- [TASK] Which lines of the entries hold the string "Winter"? Copy each one.

- [DATA SUPPLIED]

□ □ □ □

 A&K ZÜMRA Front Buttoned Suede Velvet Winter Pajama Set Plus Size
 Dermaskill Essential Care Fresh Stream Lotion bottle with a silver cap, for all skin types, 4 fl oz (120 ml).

□ □ □ □

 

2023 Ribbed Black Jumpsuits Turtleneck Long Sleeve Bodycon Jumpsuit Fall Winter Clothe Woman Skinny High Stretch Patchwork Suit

□ □ □ □

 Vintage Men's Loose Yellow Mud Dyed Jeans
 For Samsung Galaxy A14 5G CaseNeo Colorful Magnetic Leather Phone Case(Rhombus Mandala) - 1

□ □ □ □

- [EXPECTED ANSWER]
 A&K ZÜMRA Front Buttoned Suede Velvet Winter Pajama Set Plus Size
2023 Ribbed Black Jumpsuits Turtleneck Long Sleeve Bodycon Jumpsuit Fall Winter Clothe Woman Skinny High Stretch Patchwork Suit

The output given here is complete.